Site is back up and running - just wanted to say thanks

munitalP · Jul 2, 2012

ADMIN - thanks for the Facebook updates and info during this extended outage.

It must be so frustrating for you - as a group, I think we all feel for you when it comes to times such as this

G

Mwenenzi · Jul 2, 2012

Admin may have had a few stiff drinks after the outage !

admin · Jul 2, 2012

As you evan imagine it was a pretty frustrating 18 hours for me. Unfortunately it came at a really bad time - a Sunday and just the week-end when I moved house!! Once things settle (and I get my office working properly!) will be investigating the entire AFF technical setup. An 18 hour downtime is completely unacceptable. If there are any AFFers with experience in hosting high-traffic vBulletin dedicated servers, please PM me. All help will be appreciated!

SeatBackForward · Jul 2, 2012

Also, I had to do a manual Refresh of the site for it to re-load (CNTRL+F5), if any othere users still have trouble accessing.

v8Statesman · Jul 2, 2012

I slept through most of it. I'll blame jet lag (even though I didn't change time zones). Mostly a refusal to sleep in CX F. Wanted to enjoy the offerings.

Glad it's all working now though. Thanks Admin and all that got it up and going.

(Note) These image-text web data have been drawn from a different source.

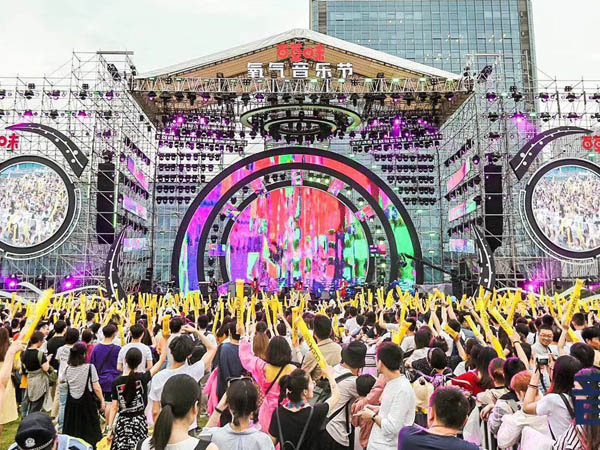 LED顯示屏在音樂節上的應用優勢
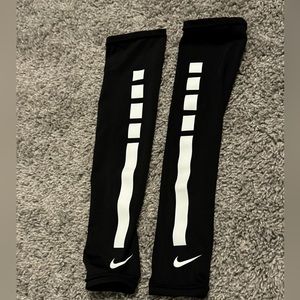 Nike youth arm sleeves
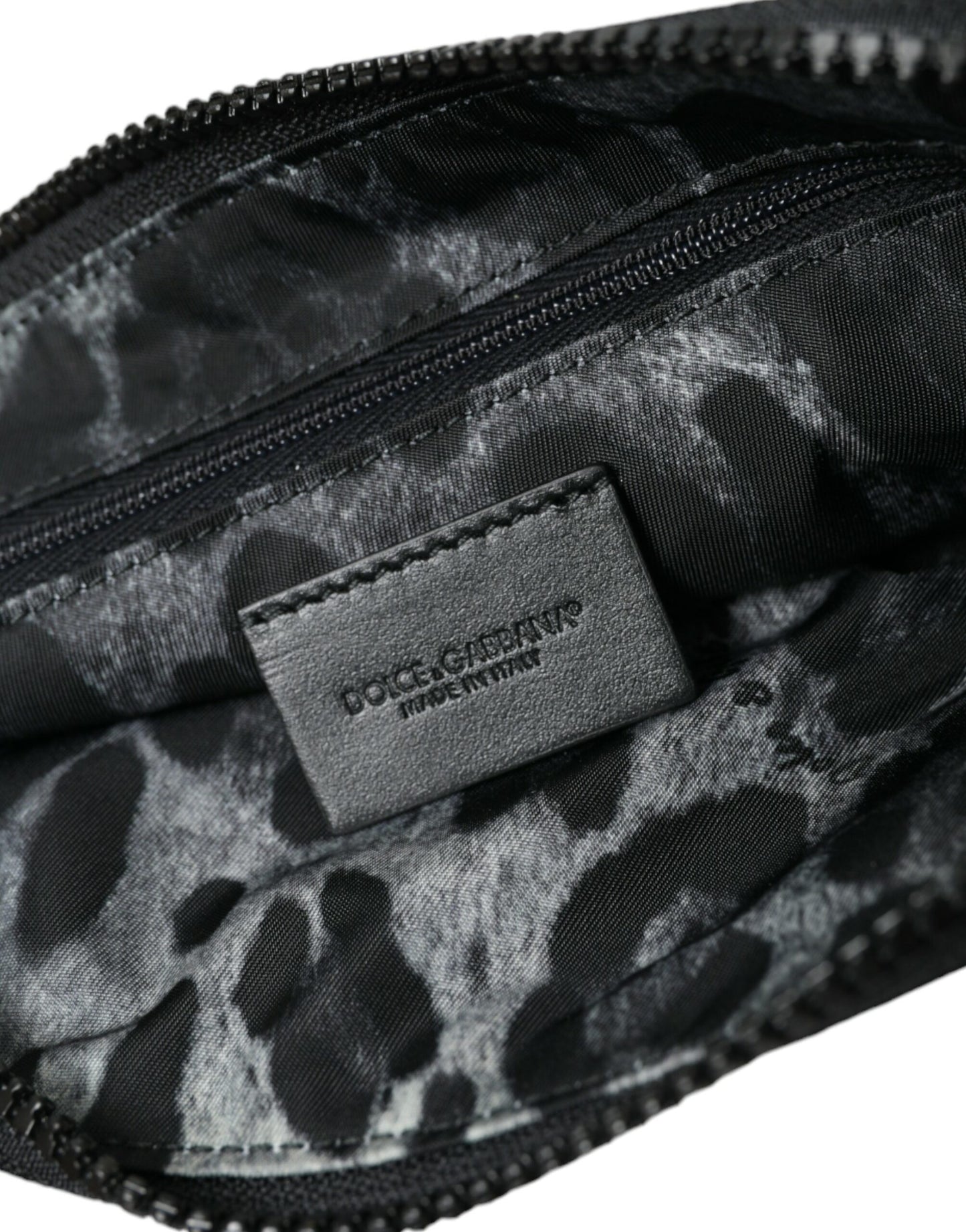 Dolce & Gabbana Schwarzes Nylon Logo Plaque Schlüsselanhänger Tasche Clutch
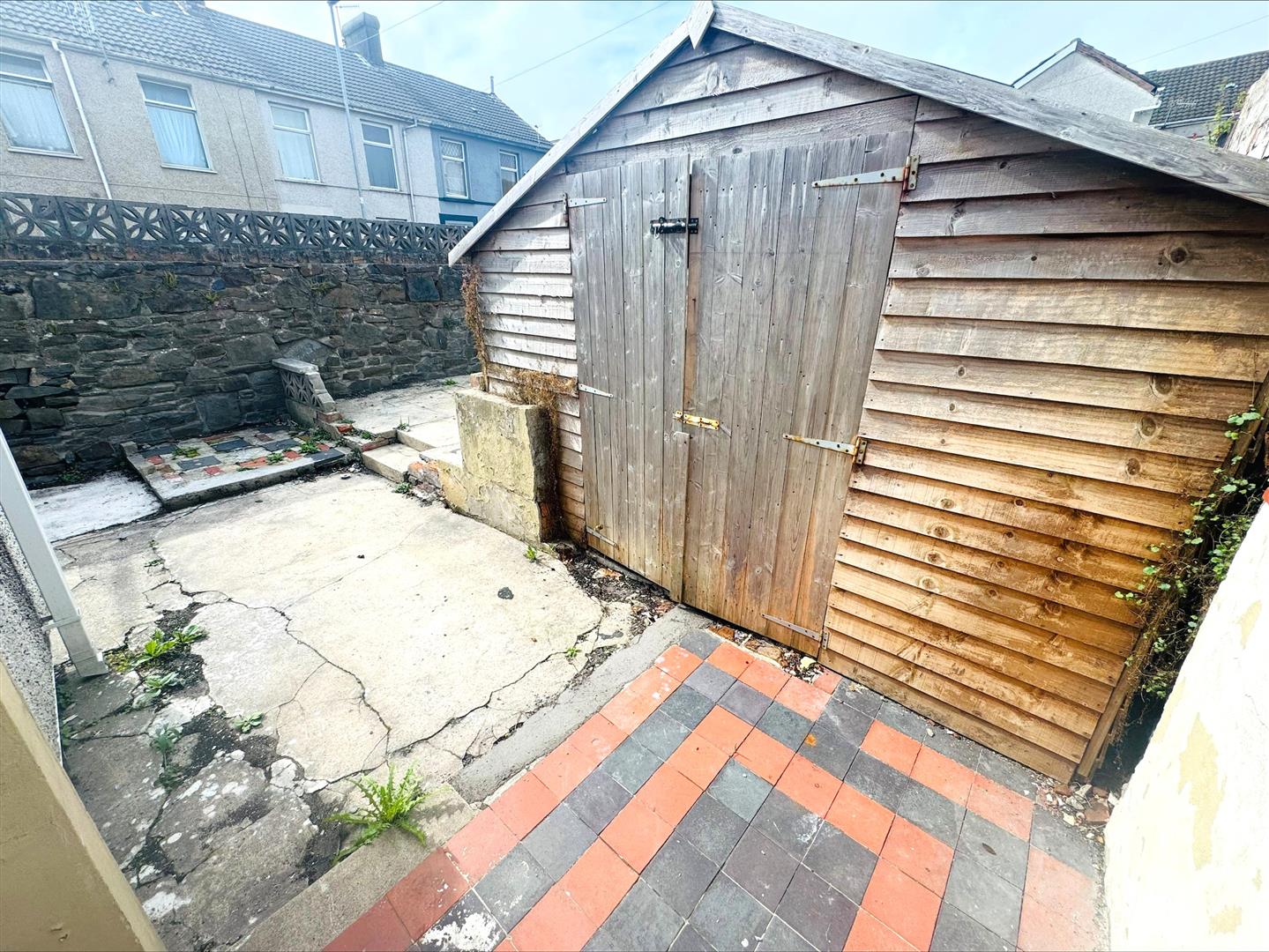 Delabeche Street, Llanelli, SA15 1AT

Sent from my Telstra iPhone using the Australian Frequent Flyer application.

samh004 · Jul 2, 2012

Glad we're back online



k3nnis · Jul 2, 2012

Thanks admin for your efforts

What was the issue?

kpc · Jul 2, 2012

As posted on facebook, I thought it was the Malaysian government blocking access to AFF

...as I was never able to access AFF since checking into the Hilton KL. Glad to see the site back up again as I was staring to suffer from withdrawal effects. Thanks admin for getting it back up again, and the updates on Facebook!

docjames · Jul 2, 2012

I just assumed it went out in sympathy to QF?

What was the issue (is it known?).

markis10 · Jul 2, 2012

Its been a while since I have had to endure Sunday night television, thinking of taking up renovating, 605K profit for 10 weeks work seems a good deal

admin · Jul 2, 2012

As I posted on FB, I don't usually go into details about our technical environment. But given the completely unacceptable 18+ hour outage yesterday, the inconvenience it caused everyone, the generous offers of help and support from our members, I'm now going to publish the analysis from our Server Administrator. I know that many of you are technical enough to understand this and have an opinion. I'd rather this doesn't become a public discussion, but if you have any opinion/insights/suggestion, please PM me.

Apologies again.

This is a follow up in a separate ticket regarding the problem you had with AFF this weekend and to discuss options.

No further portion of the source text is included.